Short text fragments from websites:
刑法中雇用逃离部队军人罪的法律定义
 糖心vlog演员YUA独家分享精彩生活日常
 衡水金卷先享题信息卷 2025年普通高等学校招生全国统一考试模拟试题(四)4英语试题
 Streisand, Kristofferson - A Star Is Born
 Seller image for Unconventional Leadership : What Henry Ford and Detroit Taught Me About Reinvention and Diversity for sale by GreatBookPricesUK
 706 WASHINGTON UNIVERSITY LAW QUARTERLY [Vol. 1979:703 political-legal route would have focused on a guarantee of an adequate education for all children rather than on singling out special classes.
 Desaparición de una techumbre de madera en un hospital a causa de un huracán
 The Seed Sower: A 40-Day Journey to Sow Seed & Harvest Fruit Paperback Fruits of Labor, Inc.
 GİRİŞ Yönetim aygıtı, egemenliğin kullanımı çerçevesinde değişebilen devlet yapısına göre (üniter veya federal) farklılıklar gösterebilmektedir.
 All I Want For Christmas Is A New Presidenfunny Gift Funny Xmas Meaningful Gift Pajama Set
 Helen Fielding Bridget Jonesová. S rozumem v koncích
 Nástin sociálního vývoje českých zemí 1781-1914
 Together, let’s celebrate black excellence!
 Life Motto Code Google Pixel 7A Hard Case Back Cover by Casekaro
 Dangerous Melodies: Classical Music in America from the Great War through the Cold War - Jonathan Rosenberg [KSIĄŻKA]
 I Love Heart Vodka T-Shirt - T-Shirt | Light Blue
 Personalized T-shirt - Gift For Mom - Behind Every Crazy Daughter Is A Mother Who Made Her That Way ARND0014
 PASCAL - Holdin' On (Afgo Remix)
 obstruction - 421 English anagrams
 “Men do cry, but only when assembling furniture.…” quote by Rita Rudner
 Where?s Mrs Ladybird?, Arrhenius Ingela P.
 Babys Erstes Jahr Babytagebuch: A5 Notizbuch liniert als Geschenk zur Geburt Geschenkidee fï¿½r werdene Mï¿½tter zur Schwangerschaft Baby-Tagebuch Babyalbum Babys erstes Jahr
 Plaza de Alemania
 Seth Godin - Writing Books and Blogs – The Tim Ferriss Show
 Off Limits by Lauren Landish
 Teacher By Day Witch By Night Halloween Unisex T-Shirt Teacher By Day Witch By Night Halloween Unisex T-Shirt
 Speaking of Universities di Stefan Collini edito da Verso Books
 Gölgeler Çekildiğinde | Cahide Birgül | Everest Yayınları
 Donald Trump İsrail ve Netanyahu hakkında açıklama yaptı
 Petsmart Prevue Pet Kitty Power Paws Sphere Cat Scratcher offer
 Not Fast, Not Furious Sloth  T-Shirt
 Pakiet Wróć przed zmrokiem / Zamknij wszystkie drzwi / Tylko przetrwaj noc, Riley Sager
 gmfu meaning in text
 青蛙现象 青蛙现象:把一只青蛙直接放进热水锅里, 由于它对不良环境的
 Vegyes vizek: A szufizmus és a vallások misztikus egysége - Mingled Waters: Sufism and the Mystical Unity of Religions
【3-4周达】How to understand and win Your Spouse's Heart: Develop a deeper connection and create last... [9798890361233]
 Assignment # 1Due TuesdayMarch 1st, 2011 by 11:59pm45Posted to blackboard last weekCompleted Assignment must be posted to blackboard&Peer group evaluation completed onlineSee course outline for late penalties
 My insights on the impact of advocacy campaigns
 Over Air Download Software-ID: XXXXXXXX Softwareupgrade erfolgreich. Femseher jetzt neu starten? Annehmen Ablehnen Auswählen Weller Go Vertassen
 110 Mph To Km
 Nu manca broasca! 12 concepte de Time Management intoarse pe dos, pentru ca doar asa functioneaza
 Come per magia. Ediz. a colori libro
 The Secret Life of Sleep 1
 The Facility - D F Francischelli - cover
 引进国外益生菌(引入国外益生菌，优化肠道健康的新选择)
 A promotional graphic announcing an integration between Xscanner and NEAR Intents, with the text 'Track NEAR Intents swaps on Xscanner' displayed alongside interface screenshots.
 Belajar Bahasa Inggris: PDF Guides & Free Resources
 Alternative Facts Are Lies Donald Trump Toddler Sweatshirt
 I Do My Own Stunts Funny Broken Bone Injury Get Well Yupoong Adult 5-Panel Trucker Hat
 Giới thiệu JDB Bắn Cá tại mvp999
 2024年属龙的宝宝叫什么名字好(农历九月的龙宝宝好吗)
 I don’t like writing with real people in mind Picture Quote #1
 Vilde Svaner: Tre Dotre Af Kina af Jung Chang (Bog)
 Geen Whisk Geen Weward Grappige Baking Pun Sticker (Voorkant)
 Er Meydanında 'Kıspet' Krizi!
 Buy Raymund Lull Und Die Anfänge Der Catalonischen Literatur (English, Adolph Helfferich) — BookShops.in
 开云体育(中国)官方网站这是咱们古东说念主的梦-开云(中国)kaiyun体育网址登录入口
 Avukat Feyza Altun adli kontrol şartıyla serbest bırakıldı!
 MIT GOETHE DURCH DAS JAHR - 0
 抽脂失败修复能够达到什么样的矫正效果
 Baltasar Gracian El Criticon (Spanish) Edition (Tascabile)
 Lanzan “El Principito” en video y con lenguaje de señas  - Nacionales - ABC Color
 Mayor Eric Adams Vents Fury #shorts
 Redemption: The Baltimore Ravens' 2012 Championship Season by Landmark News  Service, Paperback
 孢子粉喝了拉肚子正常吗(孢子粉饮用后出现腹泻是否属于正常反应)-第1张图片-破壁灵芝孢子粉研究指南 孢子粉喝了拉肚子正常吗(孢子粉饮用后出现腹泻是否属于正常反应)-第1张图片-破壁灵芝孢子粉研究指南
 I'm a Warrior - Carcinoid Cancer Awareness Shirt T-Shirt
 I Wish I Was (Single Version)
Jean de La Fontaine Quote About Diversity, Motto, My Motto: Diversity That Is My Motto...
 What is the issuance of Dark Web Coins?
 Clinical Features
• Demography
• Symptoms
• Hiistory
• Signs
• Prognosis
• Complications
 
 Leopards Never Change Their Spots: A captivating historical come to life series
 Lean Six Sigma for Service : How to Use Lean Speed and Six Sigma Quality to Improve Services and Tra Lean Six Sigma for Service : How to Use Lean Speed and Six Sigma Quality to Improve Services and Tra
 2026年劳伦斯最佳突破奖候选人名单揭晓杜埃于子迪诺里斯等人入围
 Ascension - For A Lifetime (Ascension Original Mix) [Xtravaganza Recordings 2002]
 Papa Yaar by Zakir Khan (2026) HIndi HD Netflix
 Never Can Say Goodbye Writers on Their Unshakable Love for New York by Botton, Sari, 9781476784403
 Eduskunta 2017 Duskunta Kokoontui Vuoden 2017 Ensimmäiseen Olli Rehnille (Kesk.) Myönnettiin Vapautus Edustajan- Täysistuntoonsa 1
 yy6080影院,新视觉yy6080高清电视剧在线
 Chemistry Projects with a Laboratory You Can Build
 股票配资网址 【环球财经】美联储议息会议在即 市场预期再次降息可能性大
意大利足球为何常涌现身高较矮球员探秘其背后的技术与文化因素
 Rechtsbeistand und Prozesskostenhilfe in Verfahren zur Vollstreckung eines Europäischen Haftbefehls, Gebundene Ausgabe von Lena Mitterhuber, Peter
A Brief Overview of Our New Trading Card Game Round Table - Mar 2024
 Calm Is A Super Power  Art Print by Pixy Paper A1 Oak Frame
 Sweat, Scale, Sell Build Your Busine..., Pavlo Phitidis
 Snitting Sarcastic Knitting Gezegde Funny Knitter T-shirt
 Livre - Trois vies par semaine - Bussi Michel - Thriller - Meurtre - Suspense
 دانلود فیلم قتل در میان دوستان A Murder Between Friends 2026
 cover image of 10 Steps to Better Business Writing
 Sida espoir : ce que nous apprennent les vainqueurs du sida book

Your task:
Could you please retype the lines from the start of the data through the line with "Streisand, Kristofferson - A Star Is Born", both included, and nothing else?

Answer for this exercise:
刑法中雇用逃离部队军人罪的法律定义
 糖心vlog演员YUA独家分享精彩生活日常
 衡水金卷先享题信息卷 2025年普通高等学校招生全国统一考试模拟试题(四)4英语试题
 Streisand, Kristofferson - A Star Is Born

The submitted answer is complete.